While op amps are used across many analog circuits, some can require higher output currents to meet system goals.
Most traditional amplifiers do not support high output current, leading to the need for additional components. This document discusses the benefits of using the OPAx310, an op amp designed for high current applications.
Traditionally, op amps require an external transistor to drive LEDs, as shown in Figure 1 with the OPA2374. However, a few op amps, such as the OPAx310, (shown in Figure 2) can use a simplified design that removes the external transistor and directly drive the LED.
With many LEDs requiring only 10 mA to operate, why does the OPA2374 require an external FET or BJT? An important op amp characteristic to understand when determining whether an external transistor is required is the output voltage swing versus output current. While most low voltage op amp outputs can source enough current through an LED to power it, the output voltage at these higher currents is not enough to overcome the diode voltage drop if designed to, as Figure 2 shows. By including the external transistor, the op amp no longer directly drives as much current and voltage to the LED. The trade-off with this design (as Figure 1 shows), is that the design becomes more costly and requires more board space.
As Figure 3 shows, the OPA2374 can supply 11 mA of current, but the output voltage is 2.7 V, which is lower than the required voltage drop of many LEDs . This also does not take process variation across units and change in performance across temperature into consideration. Compare that to the OPA2310 that has very minimal voltage drop even at high current levels, and it is clear why the OPA2310 does not require an external transistor to drive the LED, which saves cost and board area.

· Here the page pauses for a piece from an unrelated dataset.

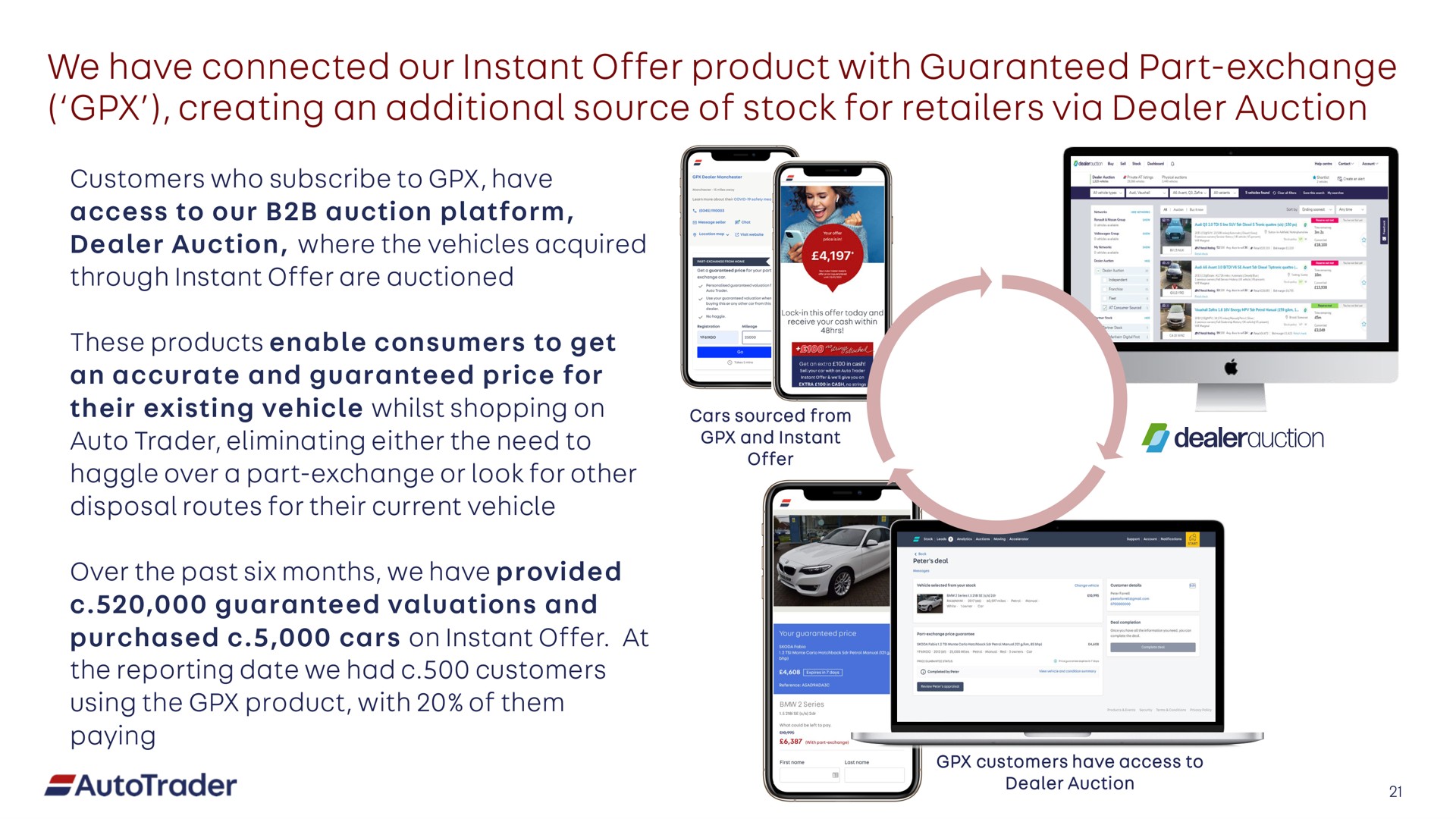 we have connected our instant offer product with guaranteed part exchange creating an additional source of stock for retailers via dealer auction | Auto Trader Group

Howland current pump is a common design used to create current sources using op amps. A higher output current amplifiers helps reduce the need for higher channel counts to drive the same load.
In this example, a 50-Ω load requires 75 mA of output current. Most amplifiers (such as the TLV2772 shown in Figure 4) require two or more channels in parallel due to the op amps limited output current capabilities. For the TLV2772, it can only output 50 mA at 25°C. In contrast, a single channel OPA310 (shown in Figure 5) can meet the systems requirements. The OPA310 is a benefit to this design by reducing components, design complexity, and board space.
Op amps are commonly used in reference buffer designs where affordability is a higher priority than accuracy. Because of this, op amps commonly struggle with driving a large value output capacitor, even in DC applications, due to needing a large amount of current to initially charge the capacitor. Depending on the value of the output capacitor, additional passives can be required for stability.
In the example shown in Figure 6, a reference buffer circuit is designed to output a 2.5-V and drive a 100-nF capacitor. The results seen in Figure 7 and Figure 8 illustrate that while both OPA310 and OPA313 can reach a steady voltage on the output, the OPA310 can do so in less than 100 µs and with a lower overshoot voltage. Lower overshoot is important for sensitive devices that are designed for 2.5-V supplies.*While most op amps can be used in the high current applications discussed here, this usually comes with trade-offs in terms of component count, complexity, or start-up time. Using an op amp designed with higher output operation can simplify design, reduce cost and shrink board space.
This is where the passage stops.